> WHAT YOU WILL DO
Repeat each line of the material below exactly as it appears, minus any pictures.

> GIVEN INFORMATION
==================================================
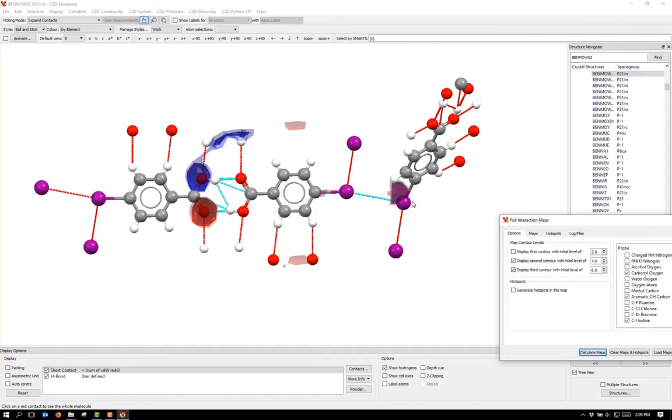As you can see, full interaction maps gives you an indication of the hydrogen bond and short contact interactions that you might expect to find in a crystal structure. Hopefully, this demonstration has shown you how to calculate a full interaction map and how to investigate whether or not the contacts in a crystal structure fulfill those interactions.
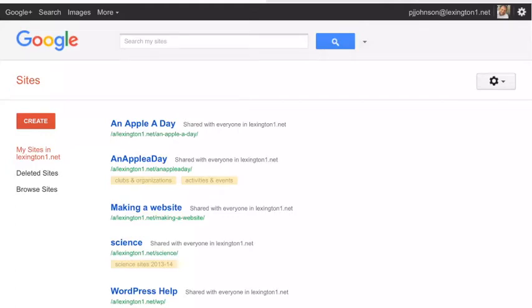All right, welcome to a video on how to create a classic Google site from your iPad. Now, to be honest, it is a little bit more tricky and difficult to do on the iPad, but it can be done.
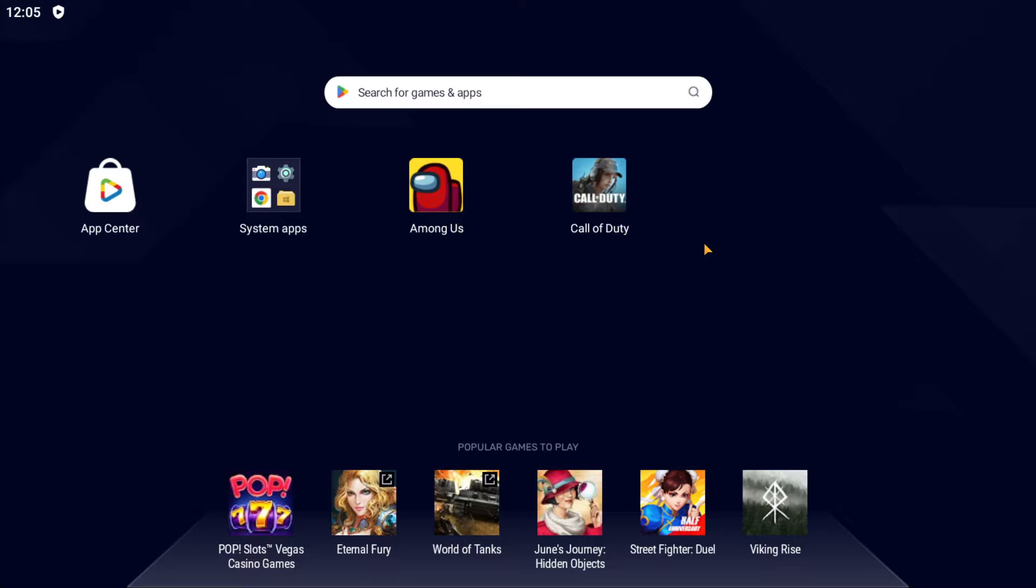Let's jump to the topic. We all know how ads can be bothering sometimes and we all sometimes just want them to disappear. So luckily for you guys, there is a way to disable ads in Bluestacks.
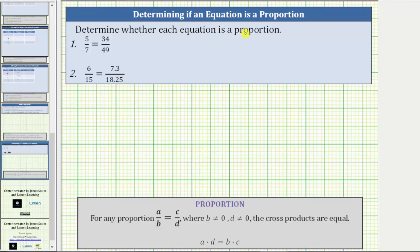Determine whether each equation is a proportion. For any proportion in the form of a over b equals c over d, where b and d don't equal zero, the cross products are equal. The cross products are a times d and b times c. So if an equation is a proportion, a times d must equal b times c.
==================================================
> OUTPUT BELOW
As you can see, full interaction maps gives you an indication of the hydrogen bond and short contact interactions that you might expect to find in a crystal structure. Hopefully, this demonstration has shown you how to calculate a full interaction map and how to investigate whether or not the contacts in a crystal structure fulfill those interactions.
All right, welcome to a video on how to create a classic Google site from your iPad. Now, to be honest, it is a little bit more tricky and difficult to do on the iPad, but it can be done.
Let's jump to the topic. We all know how ads can be bothering sometimes and we all sometimes just want them to disappear. So luckily for you guys, there is a way to disable ads in Bluestacks.
Determine whether each equation is a proportion. For any proportion in the form of a over b equals c over d, where b and d don't equal zero, the cross products are equal. The cross products are a times d and b times c. So if an equation is a proportion, a times d must equal b times c.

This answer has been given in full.